Unprincipled Hack (D-PA)

When a politician switches parties, it’s customary for the party he’s abandoned to denounce him as an unprincipled hack, and the party he’s joined to praise him as a brave convert who’s genuinely seen the light. But I think it’s pretty clear that Specter is an unprincipled hack. If his best odds of keeping his Senate seat lay in joining the Communist party, he’d probably do that.

To be sure, Specter is a real moderate on some issues, but his contortions are so comical that no principled read on his actions is very plausible. Specter favored the Employee Free Choice Act favored by labor, turned against it when he faced a primary challenge, and then abandoned his party altogether when it became clear he couldn’t win his primary. In the meantime, he came out in favor of a Hooverite spending freeze after backing the stimulus bill.

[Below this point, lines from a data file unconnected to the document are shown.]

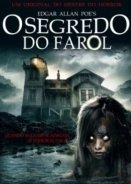 Edgar Allan Poe's Lighthouse Keeper (2016)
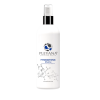 Фитобиотоник матирующий Pleyana Fitobiotonic Matte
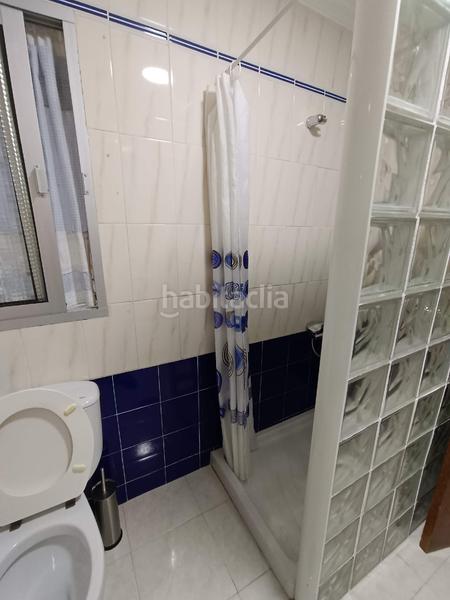 Foto 3c92ccb4-49ea-478b-bf41-960f777b7da8. Lloguer pis a El Torrejón - El Cerezo Sevilla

A couple quick thoughts on what this means for the parties. Obviously, it’s a disaster for the Republicans. Pat Toomey’s primary challenge to Specter was a gamble for Republicans. The best-case scenario would be to force Specter to move to the right without actually beating him. It actually seemed to pay off when Specter flip-flopped on EFCA, a crucial piece of legislation that’s worth risking a Senate seat over. But now it’s blown up in their faces completely. Specter says he’ll still oppose EFCA, but I have trouble seeing him really maintain that stance. He has to make it through a Democratic primary now. That’s very hard to do in Pennsylvania when the AFL-CIO is out for your blood.

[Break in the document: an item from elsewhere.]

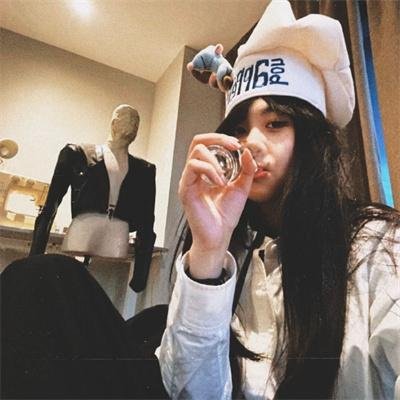 穿越皇后太招摇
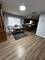 6238 W Eastwood, Chicago, IL 60630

Specter’s most likely play is to stay formally opposed to EFCA, but support a compromise along the lines of what some moderate Democrats might favor. He certainly can’t risk being the decisive anti-EFCA vote. Democrats in the Senate may be offering him institutional support in the primary, but primaries tend to be low-turnout operations, and Specter is going to have to work his way into the favor of the partisan Democratic base. Think of it this way: If you were a liberal (or pro-labor) Pennsylvania Democrat, would you vote for Specter? I wouldn’t. I’d be glad he left the GOP, but once he’s done that, he doesn’t have anything special to offer. He’d be a nearly unbeatable general election Senate candidate against Pat Toomey, but a standard issue Democrat could probably do well, too.

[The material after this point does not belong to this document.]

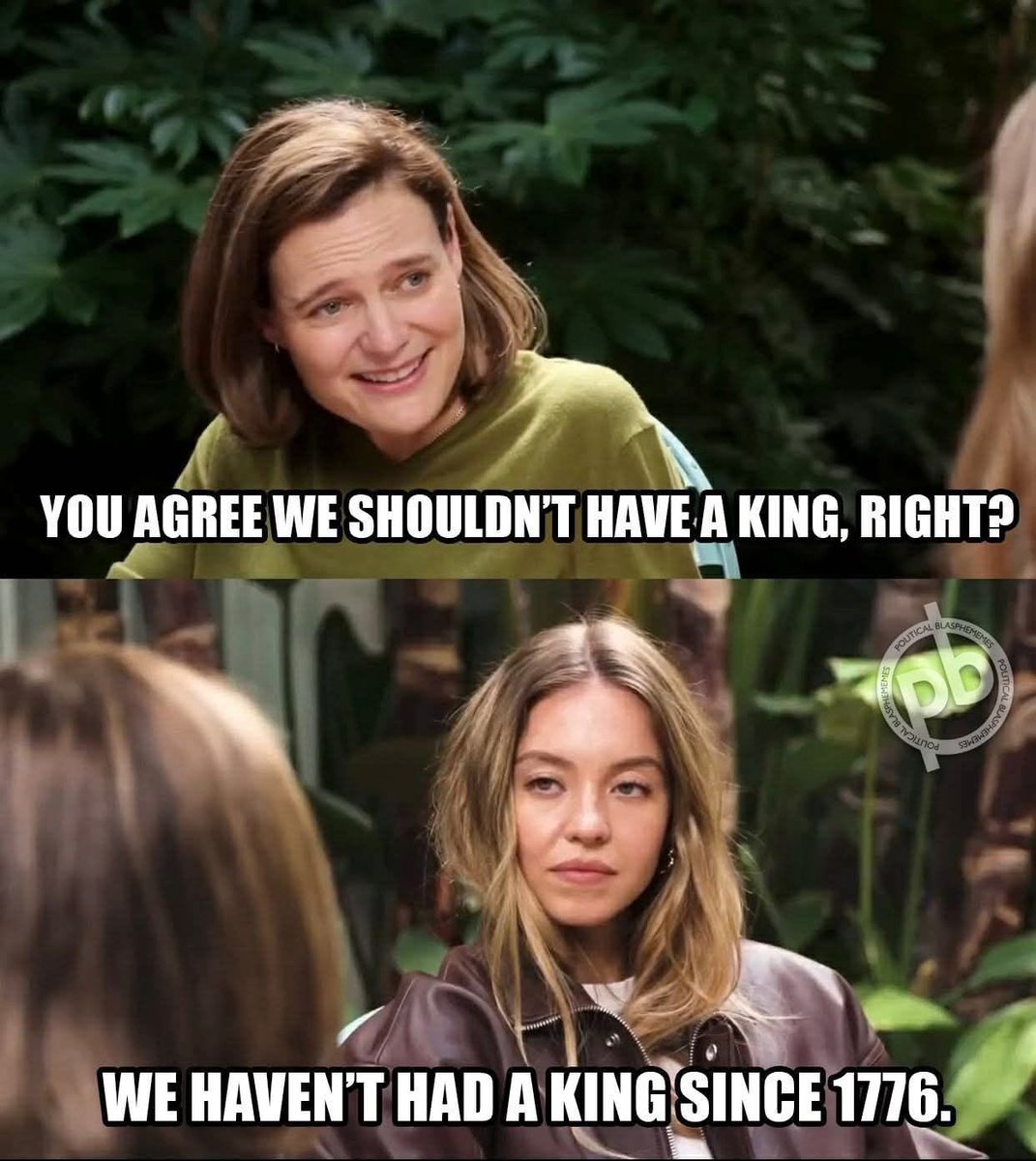 LOTUS 🇺🇸 tweet media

The broader symbolism here is that it’s another sign that Barack Obama’s first two years may not look like Bill Clinton’s. In 1993-94, Clinton’s approval ratings sagged, his party lost special elections everywhere, and conservative Democrats were switching to the GOP. Obama’s approval ratings are high and holding steady, Democrats remain far more popular than Republicans, Democrats held the first special election, and now they’ve picked up a party switch. It’s still early, but Obama is starting to build a self-sustaining psychology of success.